Konuşmasının devamında Suriye’deki iç savaşa değinen Köse, konuşmasına şu şekilde devam etti:

“Halep’te kontrolün Şam yönetimine geçmesiyle Suriye’de savaşın sona erme ihtimali kuvvetlenmiştir. Suriye’de ve Irak’ta savaşın sona ermesi ihtimali bizim kanayan yaralarımızın deşilmesine de engel olacaktır.

Kuşkusuz, Esad Suriye’sinde hüküm süren bir dikta rejimidir. Ancak, mesele şu ki iktidarın, bölgenin başka dikta rejimleriyle, Suudi Arabistan’la, Katar’la kol kola girip Esad’ı devirmeye çalışması ya da bir zamanlar Esad’la kol kola olması bugünkü Esad karşıtlığının samimiyetini sorgulanır hâle getirmiştir. Bu tavrı, bizim, bir

demokratik tavır olarak ya da zalime karşı bir duruş olarak görmemiz mümkün değildir. Bu anlamda, iktidarın bugünkü Esad’a bakışı bizim aklımıza başka sorular da getiriyor, bunu başka bir konuşmamda değerlendirmek isterim.

Dahası, bu iktidar Şam’da namazı çoktan unuttu, Halep’teki ateşkese katkı sunmakla övünür hâle getirdi. Hepimiz izliyoruz, bu arada biliyoruz ki Esad rejimiyle de bu iktidarın görüştüğü artık açığa çıktı. Zannediyorum, Rusya üzerinden görüşüyorlar, bu anlamda “Biz ateşkese katkı sunuyoruz.” diyebiliyorlar.

Nereye dokunsak lime lime dökülüyoruz demiştim. Yoğunlaşarak yaşadığımız terörün artmasındaki en önemli nedenlerden birisi, iktidarın dış politikadaki aymazlıklarıdır. Farkında mısınız, dünyada Pakistan’dan başka dostumuz kalmadı. Ha, bu arada bir de İsrail var. Nasıl bir anlaşma yapıldı ise İsrail’le, 20 milyon dolarlık bir lütufla -bakın, tazminat falan değil- Mavi Marmara gemisinde katledilen insanlarımızın kanı iktidar tarafından maalesef satıldı.

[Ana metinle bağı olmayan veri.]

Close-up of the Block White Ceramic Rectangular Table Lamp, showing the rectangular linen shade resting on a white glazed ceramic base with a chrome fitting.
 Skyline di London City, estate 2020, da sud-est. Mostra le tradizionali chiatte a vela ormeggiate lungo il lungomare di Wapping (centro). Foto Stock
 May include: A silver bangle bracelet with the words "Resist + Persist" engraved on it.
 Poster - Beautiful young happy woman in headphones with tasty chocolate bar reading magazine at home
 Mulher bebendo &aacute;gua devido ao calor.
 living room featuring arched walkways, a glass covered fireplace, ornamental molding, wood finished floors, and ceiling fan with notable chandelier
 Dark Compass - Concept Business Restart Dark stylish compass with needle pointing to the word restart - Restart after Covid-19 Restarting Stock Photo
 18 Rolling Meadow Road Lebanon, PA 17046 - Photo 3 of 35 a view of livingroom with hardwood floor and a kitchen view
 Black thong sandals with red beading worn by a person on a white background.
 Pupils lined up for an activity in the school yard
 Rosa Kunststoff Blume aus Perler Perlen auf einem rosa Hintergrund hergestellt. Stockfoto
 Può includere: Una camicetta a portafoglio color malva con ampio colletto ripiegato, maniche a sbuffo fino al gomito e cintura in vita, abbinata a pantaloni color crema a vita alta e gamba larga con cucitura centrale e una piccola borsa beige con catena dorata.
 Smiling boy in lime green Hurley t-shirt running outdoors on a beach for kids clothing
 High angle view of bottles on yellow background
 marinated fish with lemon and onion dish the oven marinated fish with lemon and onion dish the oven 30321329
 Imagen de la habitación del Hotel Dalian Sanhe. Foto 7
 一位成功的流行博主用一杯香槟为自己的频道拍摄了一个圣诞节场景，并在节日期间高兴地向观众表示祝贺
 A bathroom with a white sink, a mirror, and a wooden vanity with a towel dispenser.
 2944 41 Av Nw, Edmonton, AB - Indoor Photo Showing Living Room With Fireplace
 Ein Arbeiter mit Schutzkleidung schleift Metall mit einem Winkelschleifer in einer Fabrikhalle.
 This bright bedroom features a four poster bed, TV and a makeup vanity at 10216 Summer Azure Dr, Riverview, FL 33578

Şimdi, bu anlamda, Sayın Cumhurbaşkanının Başbakan iken, 2014’te, zannedersem 16 Temmuz 2014’te yaptığı bir konuşma var, diyor ki: “İnsani yardım vakfı, insani yardım kuruluşu nereye gitmiş? Somali’de, Filistin’de, Irak’ta, Suriye’de, Afganistan’da, Myanmar’da, ta Açe’de bile insani yardım yapıyoruz. Siz ne istediniz bundan? Götürenler ölümü göze alan bir yardım kuruluşu.” diyor. Dönüyor, 2016 yılının 29 Haziranında “Böyle bir insani yardımı götürmek için kimden izin aldınız?” diyor. Hâlbuki “Otorite olarak izin veren bizdik.” dediği konuşmasından iki sene geçmeden, oraya insani yardım için giden yurttaşlarımızı -bana göre- satıyor, İsrail’e teslim ediyor.

Değerli arkadaşlarım, dış politikadaki aymazlıklar dedim; Avrupa Parlamentosuyla kötüyüz, Avrupa Birliğiyle kötüyüz, komşularımız Mısır’la kötüyüz, Libya’yla kötüyüz, Yunanistan’la kötüyüz, Rusya’yla kötüydük. Turist gelmiyor Rusya’dan, Almanya’dan da turist gelmiyor bu sene. Ticaret de yapamıyoruz, o anlamda esnafımız filan da çok çok zor durumda.

Yani hâl böyleyken, terör, ekonomi bataktayken, Cumhurbaşkanı AKP’liyken, Başbakan AKP’liyken, İçişleri Bakanı, MİT Başkanı, Millî Savunma Bakanı, valiler, hepsi AKP’liyken suçlu kim? Cumhuriyet Halk Partisi. Vallahi insaf diyoruz, pes diyoruz, pes diyoruz, Allah’tan korkmuyorsanız kuldan utanın diyoruz. Sizi Allah’a havale ediyoruz.”